You may not have seen this if you haven't used Scala...
Genuinely curious, what kind of application are you running? Which JVM are you using? Are you aggressively GC tuning? Very low on memory? I've used Scala from 2.8 up to 3.0, for microservice systems, monoliths, data pipelines, machine learning (way back), desktop apps for research using Swing, an Android app (worst idea ever), highly imperative to very functional, and I don't think I've ever seen anything remotely as bad as that even on genuinely big codebases. Hundreds of ms, sure, but minutes just getting the JVM up and running? I can see how that would be problematic.
Ok, so to expand: applications that I've been responsible for from the beginning have not had long start up times. Where I've seen it is with other folks applications where I was hired as a consultant to look at performance.
The most recent example was a Scala monolith. It had to use JVM 1.8 because <reasons> prevented migration to 11 (tried quite hard, but never succeeded). GC tuning doesn't really apply when considering start up delay, but yes it had been tuned over the years. Memory was not limited. The application, mainly due to Scala, had tens of thousands of classes. They all seemed to get JIT'ed on start up, which was the primary reason for the slow start up. People involved (who had come from heavy Scala shops like Twitter) seemed to think it was normal.
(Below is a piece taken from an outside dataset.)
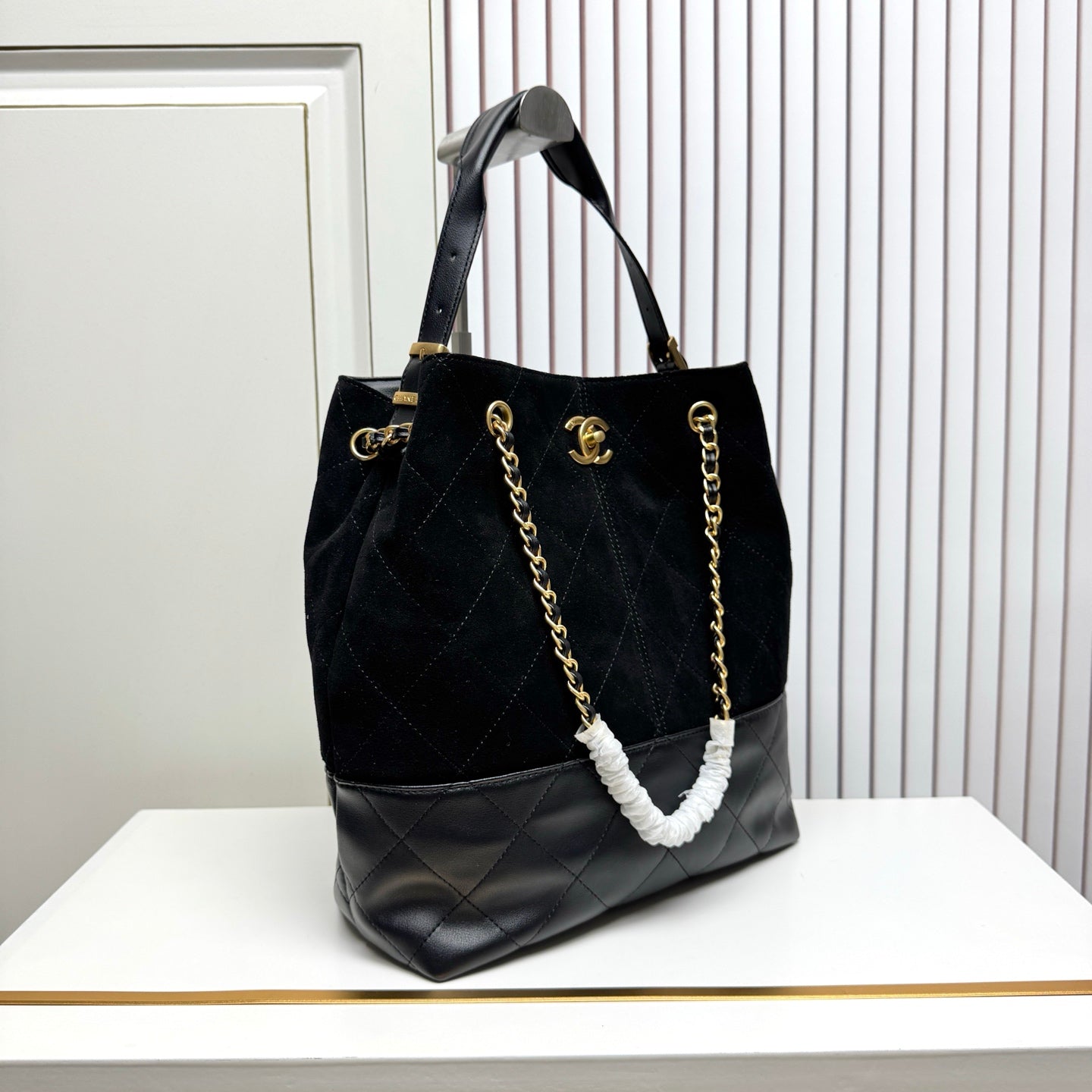B1P46C19 Popular leather bag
Yeah, Scala is absurdly bad for startup time because of poor modularization of the standard library. It's a decent language with a terrible standard library.
Whatever the absolute merits (or lack of them) of Go, the fact is that if it's a good (enough) option for you, then it's almost certain that some language will fit your problem better than Rust.
I think if you would choose Java or Python or C#, then Rust might not be the right choice.